Look for the line containing "Academia Feminina em Aclimação" and the line containing "adidas Samba OG Black Green" in the entries below. Copy those two and all lines between them exactly, leaving out pictures.

• [SOURCE DATA]:
# # # # #

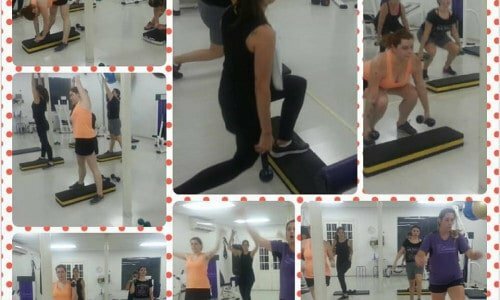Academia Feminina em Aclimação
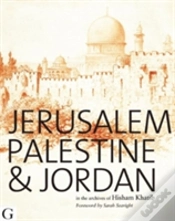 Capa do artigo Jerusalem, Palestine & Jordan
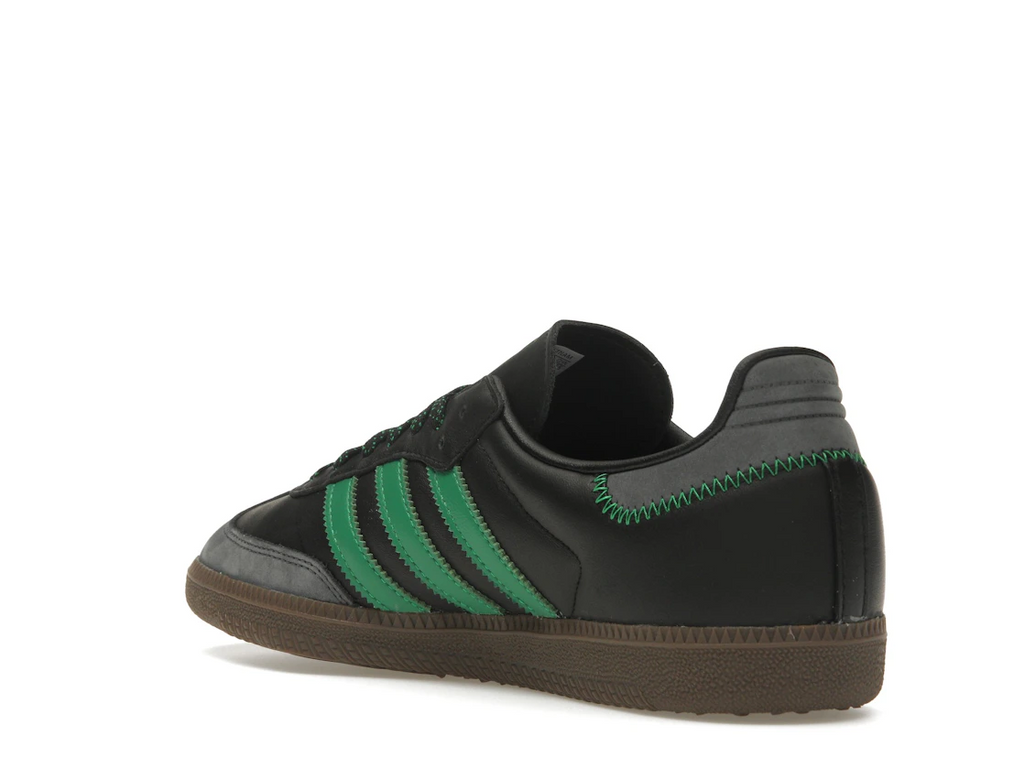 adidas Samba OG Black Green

# # # # #

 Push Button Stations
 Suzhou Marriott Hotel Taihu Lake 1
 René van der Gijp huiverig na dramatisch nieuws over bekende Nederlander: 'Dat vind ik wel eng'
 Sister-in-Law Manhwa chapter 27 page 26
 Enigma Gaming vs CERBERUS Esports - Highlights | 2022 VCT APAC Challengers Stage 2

# # # # #

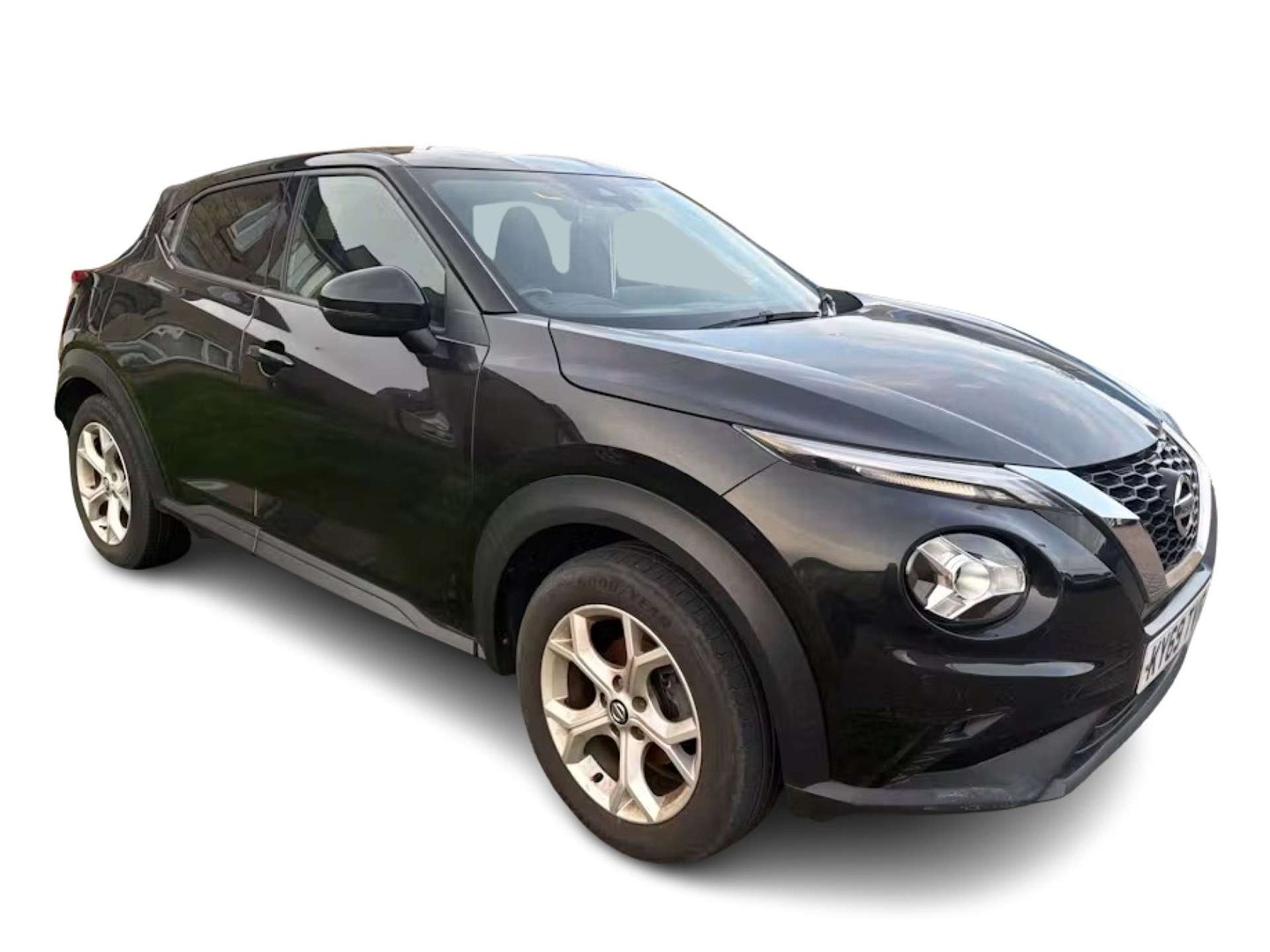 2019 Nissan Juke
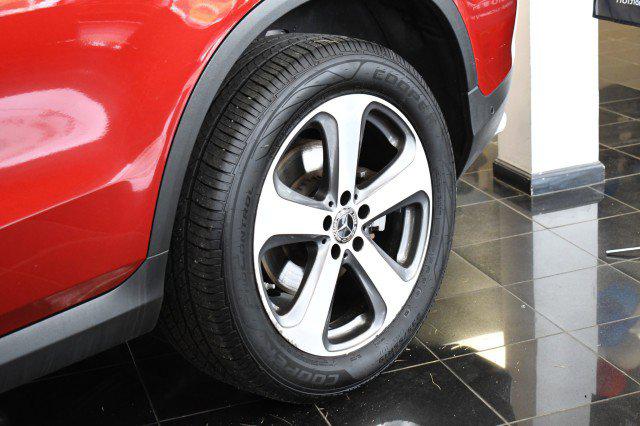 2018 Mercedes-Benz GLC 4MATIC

# # # # #

• [RESPONSE TO THIS EXERCISE]:
Academia Feminina em Aclimação
 Capa do artigo Jerusalem, Palestine & Jordan
 adidas Samba OG Black Green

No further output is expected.